DSEI 2013: Babcock se prépare à mettre à l'eau le 1er OPV pour l'Irlande et à mettre en chantier le 2ème | Newsletter navale | Scoop.it

The Irish Naval Service's two new 90 m offshore patrol vessels (OPVs) will achieve key milestones in November when Babcock Marine launches the first of class and stages a keel laying ceremony for the second ship.

Lead ship LÈ Samuel Beckett will enter the water at the shipbuilder's Appledore yard in southern England on 3 November, a Babcock representative told IHS Jane's at the DSEI exhibition on 11 September. This will be followed by a keel laying ceremony for the second ship on 4 November.

Under current scheduling, LÈ Samuel Beckett is on track to be handed over to the Irish Naval Service in February 2014, with delivery of the second ship expected in February 2015, Babcock said.

The two OPVs are being built under a EUR99 million (USD131.4 million) contract awarded to Babcock in October 2010 under Ireland's Naval Service Patrol Vessel Replacement programme. They will replace the navy's three ageing 65 m P21-class OPVs, which were built by Verolme in Cork in the second half of the 1970s and entered service between 1978 and 1980.

The ships are based on STX Marine's PV 90 design, which is a lengthened variant of the PV 80 design employed for the two 1,700-ton Roisin-class OPVs built by Appledore Shipbuilders for the INS between 1998 and 2001.

Displacing around 1,933 tonnes, the OPVs will be fitted with a diesel-electric propulsion system that provide a top speed of 23 kt, cruise speed of 15 kt, and range of up to 6,000 n miles.

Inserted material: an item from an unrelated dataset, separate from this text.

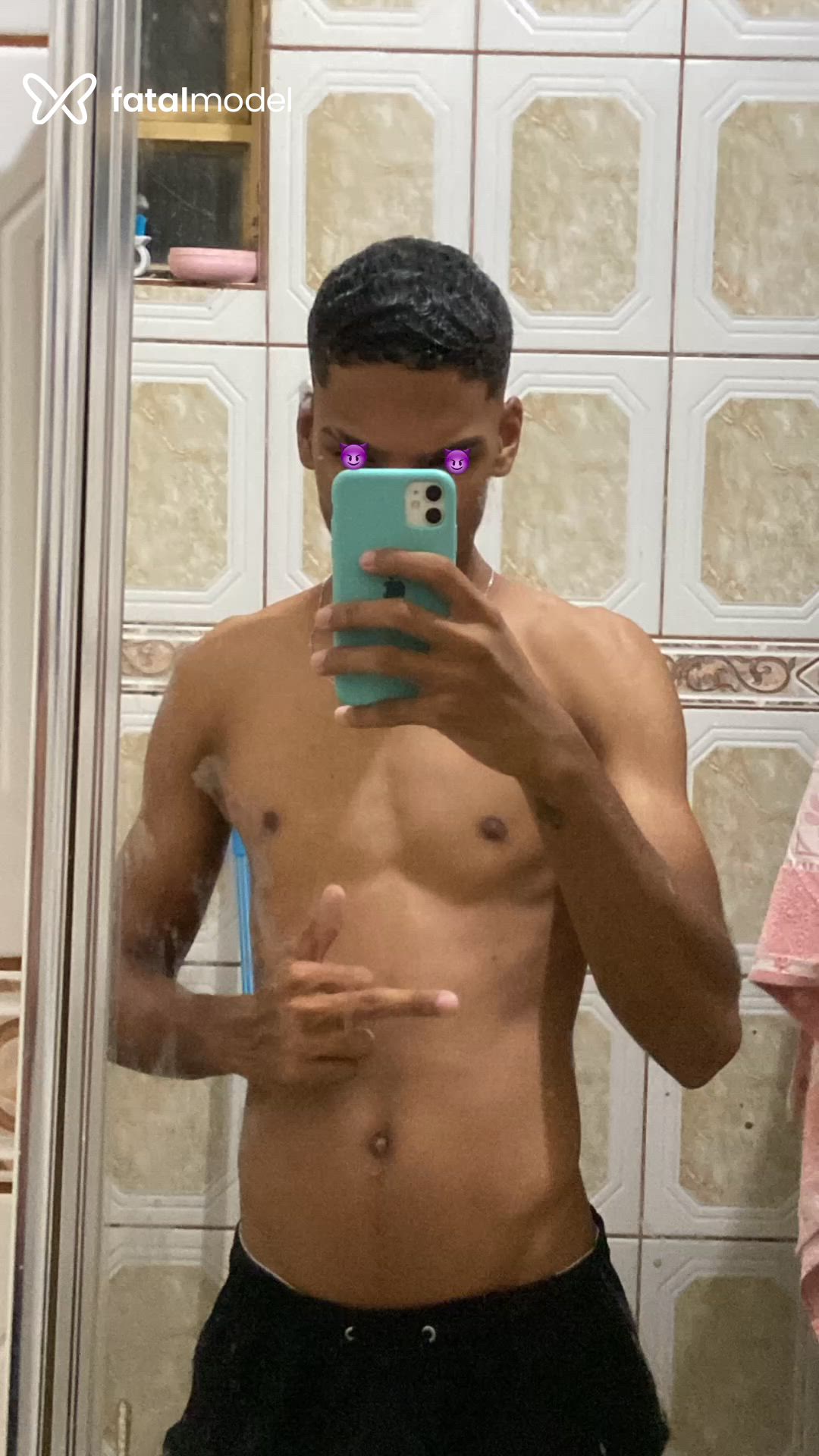 Acompanhante homem morena (o) de olhos castanhos - Mvmineirin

Endurance is 21 days. Accommodation is provided for a complement of 44 crew, plus 10 trainees.

Armament - which is being procured under a separate contract worth EUR7.8 million - consists of an Oto Melara 76 mm/62 gun, two 20 mm cannons, and four general purpose machine guns (two 12.7 mm and two 7.62 mm).

A helicopter in-flight refuelling facility and stowage for three 20 ft containers will be provided on the aft deck. Although this deck is not intended to provide a landing pad for helicopters, the operation of unmanned aerial vehicles may be considered in the future.

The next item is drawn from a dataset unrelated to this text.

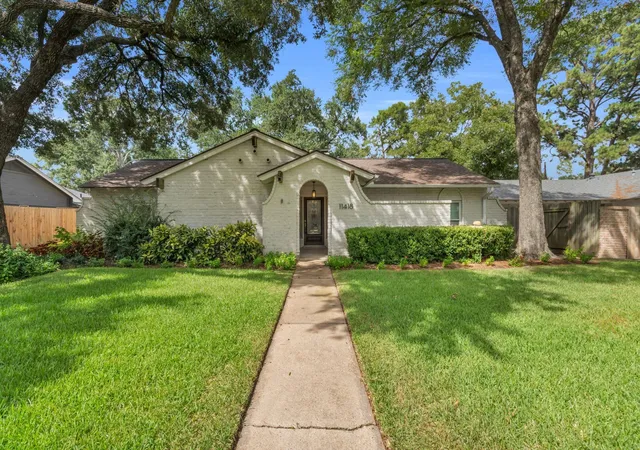 Photo 1 of Single family home for sale at 11418 Valley Strm Dr, Houston, TX 77043 | MLS# 17321004 | Listing updated on 2026-10-07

The vessels are designed to provide an operational capability for up to 30 years of service in their main area of operation in the North Atlantic, out to the 200 n mile limit of Ireland's Exclusive Economic Zone and beyond. Patrol duties will include fishery protection, search and rescue, maritime protection, drug interdiction, anti-pollution, and maritime security missions.

An option for a third OPV may be exercised at a later date.